As the parish still inclines down towards Wolmerforest, at the juncture of the clays and sand the soil becomes a wet, sandy loam, remarkable for timber, and infamous for roads. The oaks of Temple and Blackmore stand high in the estimation of purveyors, and have furnished much naval timber; while the trees on the freestone grow large, but are what workmen call shakey, and so brittle as often to fall to pieces in sawing. Beyond the sandy loam the soil becomes an hungry lean sand, till it mingles with the forest; and will produce little without the assistance of lime and turnips.

1This soil produces good wheat and clover.

LETTER II

TO THOMAS PENNANT, ESQUIRE

In the court of Norton farm house, a manor farm to the north-west of the village, on the white malms, stood within these twenty years a broad-leaved elm, or wych hazel, ulmus folio latissimo scabro of Ray, which, though it had lost a considerable leading bough in the great storm in the year 1703, equal to a moderate tree, yet, when felled, contained eight loads of timber; and, being too bulky for a carriage, was sawn off at seven feet above the butt, where it measured near eight feet in the diameter. This elm I mention to show to what a bulk planted elms may attain; as this tree must certainly have been such from its situation.

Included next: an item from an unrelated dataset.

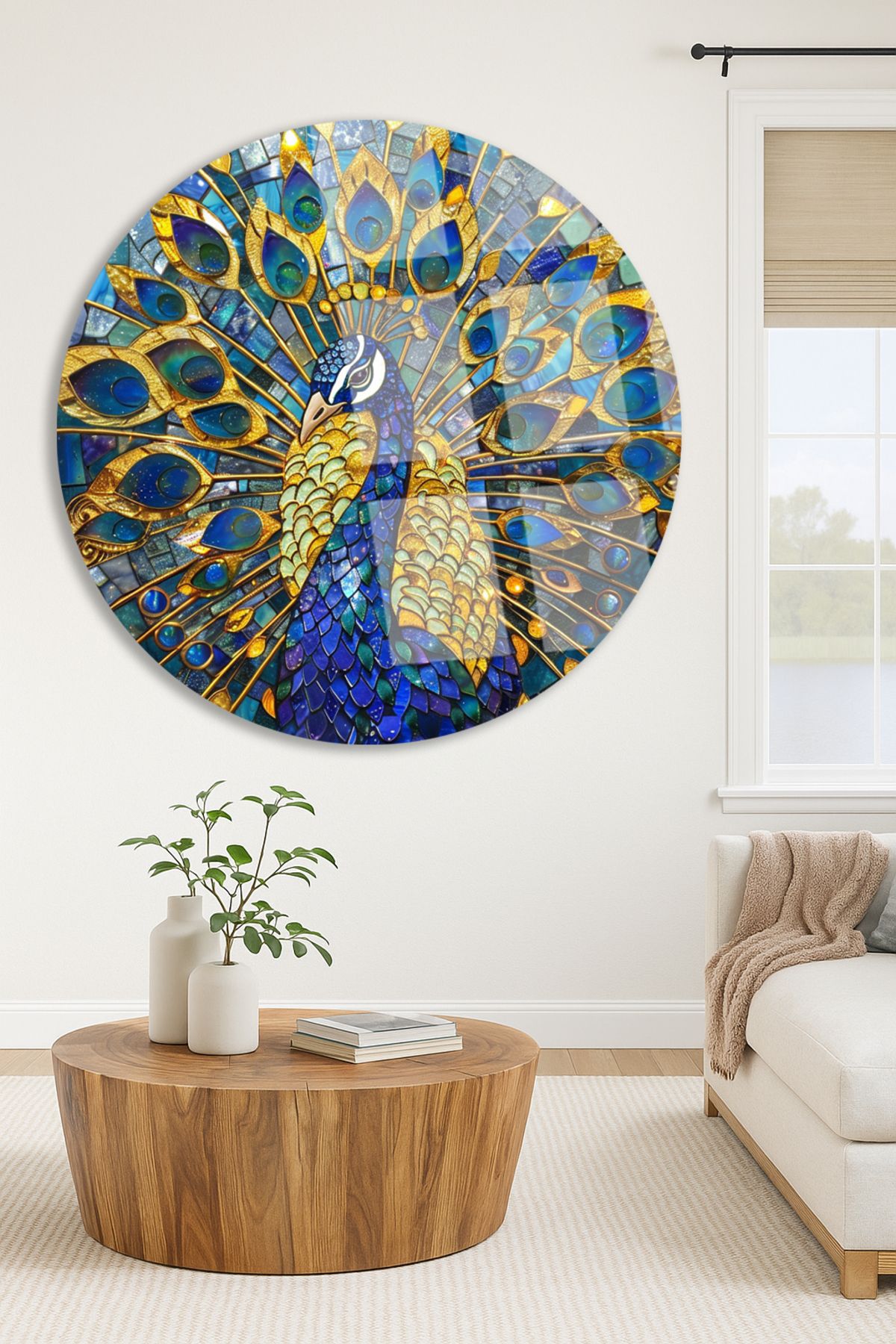 TAULART Vitray Efektli Gösterişli Tavus Kuşu Yuvarlak Kırılmaz Cam Tablo Modern Tablo Ev Hediyesi Tablo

In the centre of the village, and near the church, is a square piece of ground surrounded by houses, and vulgarly called The Plestor. In the midst of this spot stood, in old times, a vast oak, with a short squat body, and huge horizontal arms extending almost to the extremity of the area. This venerable tree, surrounded with stone steps, and seats above them, was the delight of old and young, and a place of much resort in summer evenings; where the former sat in grave debate, while the latter frolicked and danced before them. Long might it have stood, had not the amazing tempest in 1703 overturned it at once, to the infinite regret of the inhabitants, and the vicar, who bestowed several pounds in setting it in its place again: but all his care could not avail; the tree sprouted for a time, then withered and died. This oak I mention to show to what a bulk planted oaks also may arrive: and planted this tree must certainly have been, as will appear from what will be said farther concerning this area, when we enter on the antiquities of Selborne.

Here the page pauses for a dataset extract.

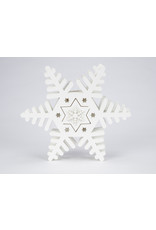 LED白色木制雪花墙装饰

On the Blackmoor estate there is a small wood called Losel's, of a few acres, that was lately furnished with a set of oaks of a peculiar growth and great value; they were tall and taper like firs, but standing near together had very small heads, only a little brush without any large limbs. About twenty years ago the bridge at the Toy, near Hampton Court, being much decayed, some trees were wanted for the repairs that were fifty feet long without bough, and would measure twelve inches diameter at the little end. Twenty such trees did a purveyor find in this little wood, with this advantage, that many of them answered the description at sixty feet. These trees were sold for twenty pounds apiece.

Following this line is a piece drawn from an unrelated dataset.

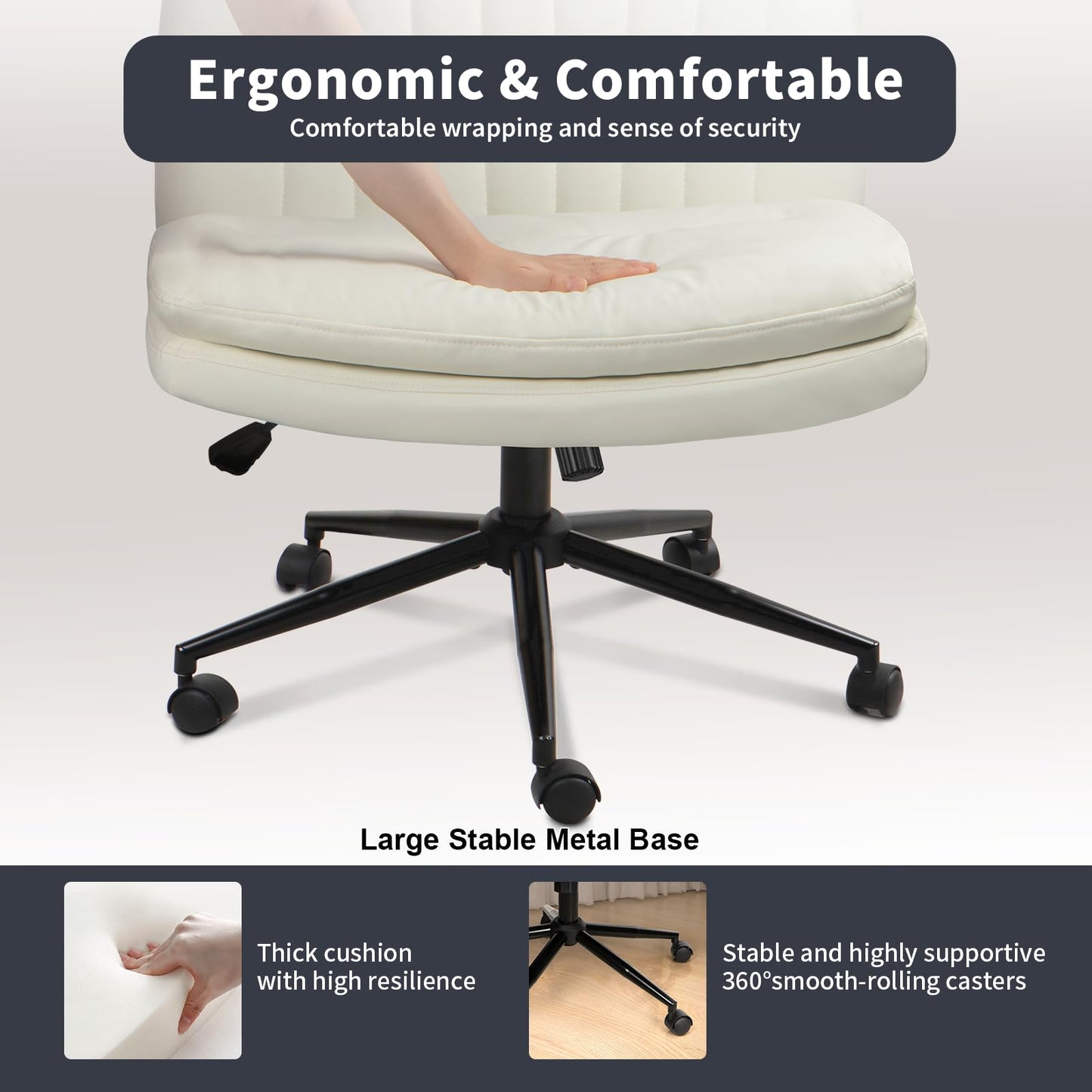 Naspaluro Office Chair Without Armrests, Desk Chair with PU Leather, Reading Chair with Wider Cushion for Cross-Legged Sitting, Rocking Function, Height Adjustable, 360° Swivel Chair for Home, Cream Color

In the centre of this grove there stood an oak, which, though shapely and tall on the whole, bulged out into a large excrescence about the middle of the stem. On this a pair of ravens had fixed their residence for such a series of years, that the oak was distinguished by the title of The Raven-tree. Many were the attempts of the neighbouring youths to get at this eyry: the difficulty whetted their inclinations, and each was ambitious of surmounting the arduous task. But, when they arrived at the swelling, it jutted out so in their way, and was so far beyond their grasp, that the most daring lads were awed, and acknowledged the undertaking to be too hazardous. So the ravens built on, nest upon nest, in perfect security, till the fatal day arrived in which the wood was to be levelled. It was in the month of February, when those birds usually sit. The saw was applied to the butt, the wedges were inserted into the opening, the woods echoed to the heavy blows of the beetle or mallet, the tree nodded to its fall; but still the dam sat on. At last, when it gave way, the bird was flung from her nest; and, though her parental affection deserved a better fate, was whipped down by the twigs, which brought her dead to the ground.